When Elijah Muhammad died in 1975, Wahhaj stated that "His teachings began to unravel in my mind", and he became a Sunni Muslim with the encouragement of Muhammad's son Warith Deen Mohammed. Mohammed took over and reorganized the Nation of Islam, urging members to come to orthodox Islam. Kearse then changed his name again to Siraj Wahhaj, which means "bright lantern" in Arabic. He was chosen to study Islam at the Umm al-Qura University of Mecca for a period of four months in 1978.

==Career==
Wahhaj established a mosque in a friend's Brooklyn apartment in 1981. Soon after, the congregation purchased the space of an abandoned clothing store for what would become Masjid At-Taqwa. Wahhaj leads the daily prayers and performs the Friday sermon at the mosque. He also conducts full days of teaching in Islamic studies, Arabic and marital counseling.

In cooperation with local police, Wahhaj led the local Muslim community in an anti-drug patrol in 1988. The community staked out drug houses in Bedford-Stuyvesant in the cold of winter for 40 days and nights, forcing the closure of 15 drug houses. The effort, which fundamentally changed the character of the neighborhood by "reclaim[ing] the area from drugs and crime," received high praise from the New York City Police Department and international attention from the media.

In 1991, he became the first Muslim to offer an invocation (opening prayer) at the United States House of Representatives.

According to The New York Times, "several people connected to the 1993 World Trade Center bombing either attended Masjid At-Taqwa or visited it around the time of the bombing. Law enforcement investigators listed Wahhaj as one of "several dozen potential conspirators" in the bombing, but Wahhaj was never indicted. The New York Times reported in 2018 that former terrorism prosecutors said "the list [of potential conspirators] was later criticized for being overly broad" in terms of the number of people included on the list. After Zohran Mamdani met with Wahhaj during his successful campaign for the office of Mayor of New York in 2025, Mamdani's opponent Andrew Cuomo criticized Mamdani for taking a photo with Wahhaj, claiming that Wahhaj was an unindicted co-conspirator in the bombing. Mamdani defended himself by saying that Wahhaj had met with previous mayors, including Michael Bloomberg, Bill DeBlasio, and Eric Adams. In response to a New York Post article accusing Wahhaj of being an unindicted co-conspirator, Andrew C. McCarthy, who prosecuted the perpetrators of the 1993 World Trade Center bombing, said that Wahhaj was not a co-conspirator or a suspect in the bombing. Omar Abdel-Rahman, who was convicted in the bombing, had previously lectured at Wahhaj's mosque. McCarthy said he had included Wahhaj in a preliminary list of witnesses who could be called upon in the case because of his association with Abdel-Rahman, and that this list was not a list of suspected co-conspirators.

==Views==
Wahhaj has made statements in support of Islamic laws over liberal democracy..He has said: "Islam is better than democracy. Allah will cause his deen [Islam as a complete way of life], Islam to prevail over every kind of system, and you know what? It will happen."

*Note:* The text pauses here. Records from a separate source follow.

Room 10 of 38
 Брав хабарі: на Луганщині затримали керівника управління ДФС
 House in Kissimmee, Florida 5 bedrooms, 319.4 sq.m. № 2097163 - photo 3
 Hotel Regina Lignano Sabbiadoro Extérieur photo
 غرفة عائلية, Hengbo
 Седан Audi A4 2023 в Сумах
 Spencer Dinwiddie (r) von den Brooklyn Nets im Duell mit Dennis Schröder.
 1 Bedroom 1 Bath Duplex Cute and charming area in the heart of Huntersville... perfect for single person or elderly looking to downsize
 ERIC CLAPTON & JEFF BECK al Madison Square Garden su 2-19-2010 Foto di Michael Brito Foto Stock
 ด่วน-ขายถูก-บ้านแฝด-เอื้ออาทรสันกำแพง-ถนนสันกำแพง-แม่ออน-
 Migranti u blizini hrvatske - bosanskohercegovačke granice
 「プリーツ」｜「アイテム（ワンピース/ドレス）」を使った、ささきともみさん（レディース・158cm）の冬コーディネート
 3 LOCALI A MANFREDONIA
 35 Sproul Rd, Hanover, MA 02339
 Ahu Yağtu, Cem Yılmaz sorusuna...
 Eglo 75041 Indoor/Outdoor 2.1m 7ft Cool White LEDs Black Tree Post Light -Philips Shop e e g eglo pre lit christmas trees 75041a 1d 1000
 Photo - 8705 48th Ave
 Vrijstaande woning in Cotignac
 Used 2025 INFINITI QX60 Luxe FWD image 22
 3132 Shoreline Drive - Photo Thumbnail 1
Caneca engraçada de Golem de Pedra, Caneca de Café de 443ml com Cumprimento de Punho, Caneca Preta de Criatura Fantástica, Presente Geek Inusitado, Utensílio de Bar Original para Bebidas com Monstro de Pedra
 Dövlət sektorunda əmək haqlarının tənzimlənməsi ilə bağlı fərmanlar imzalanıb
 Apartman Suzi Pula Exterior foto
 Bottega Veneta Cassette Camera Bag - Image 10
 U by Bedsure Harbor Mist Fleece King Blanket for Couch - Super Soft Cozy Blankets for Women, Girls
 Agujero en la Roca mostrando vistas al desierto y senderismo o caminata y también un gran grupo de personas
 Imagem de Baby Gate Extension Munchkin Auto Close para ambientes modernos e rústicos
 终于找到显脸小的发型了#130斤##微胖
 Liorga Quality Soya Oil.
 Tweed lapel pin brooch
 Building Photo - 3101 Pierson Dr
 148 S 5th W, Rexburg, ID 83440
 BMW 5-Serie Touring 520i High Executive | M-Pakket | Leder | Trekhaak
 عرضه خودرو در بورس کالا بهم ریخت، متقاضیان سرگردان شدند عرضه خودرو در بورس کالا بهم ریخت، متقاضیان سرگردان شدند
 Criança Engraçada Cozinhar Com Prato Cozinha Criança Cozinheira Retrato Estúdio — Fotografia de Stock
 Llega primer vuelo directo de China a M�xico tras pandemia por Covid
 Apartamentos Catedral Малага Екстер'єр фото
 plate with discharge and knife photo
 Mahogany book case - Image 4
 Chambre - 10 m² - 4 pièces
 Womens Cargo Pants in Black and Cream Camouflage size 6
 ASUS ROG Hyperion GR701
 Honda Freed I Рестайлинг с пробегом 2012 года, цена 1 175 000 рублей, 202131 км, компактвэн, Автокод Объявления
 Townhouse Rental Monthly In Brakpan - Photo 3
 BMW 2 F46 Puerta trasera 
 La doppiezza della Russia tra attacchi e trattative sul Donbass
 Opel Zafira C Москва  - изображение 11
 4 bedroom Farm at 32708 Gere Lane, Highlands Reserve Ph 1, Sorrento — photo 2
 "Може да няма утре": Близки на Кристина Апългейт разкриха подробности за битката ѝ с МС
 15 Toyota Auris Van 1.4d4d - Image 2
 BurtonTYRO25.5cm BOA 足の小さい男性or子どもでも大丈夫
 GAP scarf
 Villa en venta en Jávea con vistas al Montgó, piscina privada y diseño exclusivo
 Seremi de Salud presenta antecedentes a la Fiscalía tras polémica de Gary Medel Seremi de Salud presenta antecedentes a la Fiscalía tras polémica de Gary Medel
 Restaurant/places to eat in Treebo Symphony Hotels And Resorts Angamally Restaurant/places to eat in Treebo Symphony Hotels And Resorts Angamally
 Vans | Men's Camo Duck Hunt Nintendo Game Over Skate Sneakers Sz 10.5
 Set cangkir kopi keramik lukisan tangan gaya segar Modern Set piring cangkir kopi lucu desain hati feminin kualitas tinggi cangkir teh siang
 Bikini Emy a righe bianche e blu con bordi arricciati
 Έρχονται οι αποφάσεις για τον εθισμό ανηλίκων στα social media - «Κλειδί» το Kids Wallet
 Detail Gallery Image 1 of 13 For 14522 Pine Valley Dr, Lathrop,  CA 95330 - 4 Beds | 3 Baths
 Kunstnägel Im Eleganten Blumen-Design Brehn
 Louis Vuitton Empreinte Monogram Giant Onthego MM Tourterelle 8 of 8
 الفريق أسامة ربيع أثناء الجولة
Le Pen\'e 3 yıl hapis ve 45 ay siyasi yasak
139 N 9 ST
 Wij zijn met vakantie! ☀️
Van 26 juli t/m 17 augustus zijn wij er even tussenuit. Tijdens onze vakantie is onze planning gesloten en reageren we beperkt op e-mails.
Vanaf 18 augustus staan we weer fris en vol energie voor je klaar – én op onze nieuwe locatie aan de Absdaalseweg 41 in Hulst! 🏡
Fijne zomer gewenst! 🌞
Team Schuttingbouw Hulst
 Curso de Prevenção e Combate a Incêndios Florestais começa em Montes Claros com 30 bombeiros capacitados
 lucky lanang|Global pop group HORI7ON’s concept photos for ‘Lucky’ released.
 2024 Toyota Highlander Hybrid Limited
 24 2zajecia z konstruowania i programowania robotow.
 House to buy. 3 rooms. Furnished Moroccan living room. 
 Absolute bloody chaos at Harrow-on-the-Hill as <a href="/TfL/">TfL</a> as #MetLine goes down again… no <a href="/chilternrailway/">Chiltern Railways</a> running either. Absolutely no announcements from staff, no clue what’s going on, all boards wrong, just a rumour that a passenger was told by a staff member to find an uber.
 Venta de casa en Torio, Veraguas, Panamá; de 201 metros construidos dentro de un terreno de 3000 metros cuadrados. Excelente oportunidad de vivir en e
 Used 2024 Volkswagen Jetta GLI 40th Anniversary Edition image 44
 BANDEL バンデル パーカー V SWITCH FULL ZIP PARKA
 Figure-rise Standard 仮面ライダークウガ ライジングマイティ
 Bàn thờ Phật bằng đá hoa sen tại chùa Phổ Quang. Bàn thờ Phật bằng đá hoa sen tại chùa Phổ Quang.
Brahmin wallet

He has also said: "If Allah says 100 strikes, 100 strikes it is. If Allah says cut off their hand, you cut off their hand. If Allah says stone them to death, through the Prophet Muhammad, then you stone them to death, because it’s the obedience of Allah and his messenger—nothing personal."

==Personal life==
Wahhaj had eight children, aged 31 to 51 as of May 2023.

In August 2018 three of Wahhaj's children were charged with terrorism and felony child abuse. Wahhaj indicated that the three had severed ties with the rest of their family in 2017 and added that it was a tip he himself provided to the police that led to their arrest.